Chemistry has always been the most secretive of sciences, argues Philip Ball

Is there something about chemistry that breeds secrecy? The chemists I know are nothing if not generous with information about their work. But after reviewing the history of publishing in the chemical sciences, as a symposium of the Society for the History of Alchemy and Chemistry did on 26 October in London, you might have to concede that an awful lot of energy has gone into the art of concealment. 

That needn’t be surprising. Being the most applied of the fundamental sciences, chemistry has always had a commercial aspect, which means that its knowledge carries a premium and has sometimes been jealously protected. You won’t make much capital from the theory of relativity or of evolution - but discover how to make soda from salt and you’re sitting on a fortune. 

But there’s more to it than filthy lucre, especially for the early alchemical and chymical pioneers. It’s true that there were plenty of sharp practitioners with an eye on the financial worth of gold-making - Johann Becher, the wily German alchemist of the 17th century, promised the Dutch government he would turn sand into gold by the ton if only they would set him up with a hundred pounds of silver. It was not for nothing that Mercury, the patron of the Hermetic arts, was also the god of trade - and the patron of thieves. 

Yet hiding alchemical lore had a supposedly more elevated motive too. For its practitioners, this knowledge was power, and not to be handed out lightly to the ignorant and unprincipled masses. The medieval Book of the Secret of Secrets, derived from an Arabic word that was apocryphally attributed to Aristotle, makes this point explicit: ’I am revealing my secrets to you figuratively, speaking with enigmatic examples and signs, because I fear that the present book might fall into the hands of infidels and arrogant powers.’. This work has been called the most popular book in the Middle Ages, and it helped to establish the alchemical tradition of cloaking knowledge behind a veil of arcane terminology that only the genuine adept could penetrate. 

That obscurity was famously challenged by Robert Boyle in The Skeptical Chymist - but as Peter Forshaw of University College, London, pointed out, it is overlooked that Boyle criticised cryptic language only when applied to general principles. He defended it when discussing profound matters such as the preparation of the philosopher’s stone. This obscurantist style was deliberate and not just the product of fuzzy thinking: the lab notebooks of the Bermudan alchemist George Starkey, Boyle’s mentor, are clear and systematic, but when he published, his writing became esoteric and enigmatic. 

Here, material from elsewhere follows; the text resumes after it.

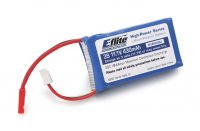 Аккумулятор E-Flite LiPo 11.1V 3S 20C 430 mAh - EFLB4303SJ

The alchemists had cunning strategies for preserving secrecy: dividing up secrets between several publications, omitting key steps or ingredients, and breeding confusion by heaping up strange names and metaphors. Sound familiar? They are disturbingly like the tricks used in today’s scientific literature whenever it aims to protect intellectual property; as a former editor, I’ve seen them all. 

We like to think of the 19th century, in contrast, as a time of open scientific discourse. But the ground-breaking Chemical News, the weekly bulletin of chemistry founded by the superhumanly energetic William Crookes, tells another story, as Jim Mussell of Birkbeck College revealed. Published every Saturday for 3d, its promise of up-to-date news on the latest in chemical technology was its selling point in an age when fortunes were being made from dyes, drugs, and industrial raw materials. There was no equivalent in the other sciences, for they hadn’t a comparable commercial currency. But Crookes’ correspondents expressed anxieties about trade secrets: would he publish them if he came across them? One industrialist argued that it was legitimate for chemical manufacturers to do all they could to protect their secrets; but that if Crookes found them out, he should feel obliged to reveal all without delay.

There needn’t be anything shameful about a legacy of secrecy - everyone has to make a living. But secrecy becomes a problem, even a hindrance to innovation when it becomes a reflex. Writing in a Cold War climate, Norbert Wiener had some wise words about it in his book Invention (MIT Press, 1993) that resonate strongly now that both intellectual property rights and ’national security’ are back on the agenda: ’If we have so organised our flow of information that there are no minor leaks, we have probably channelled it so narrowly that the healthy growth of our own technique is hampered, and we had better reconsider our action for the long haul.’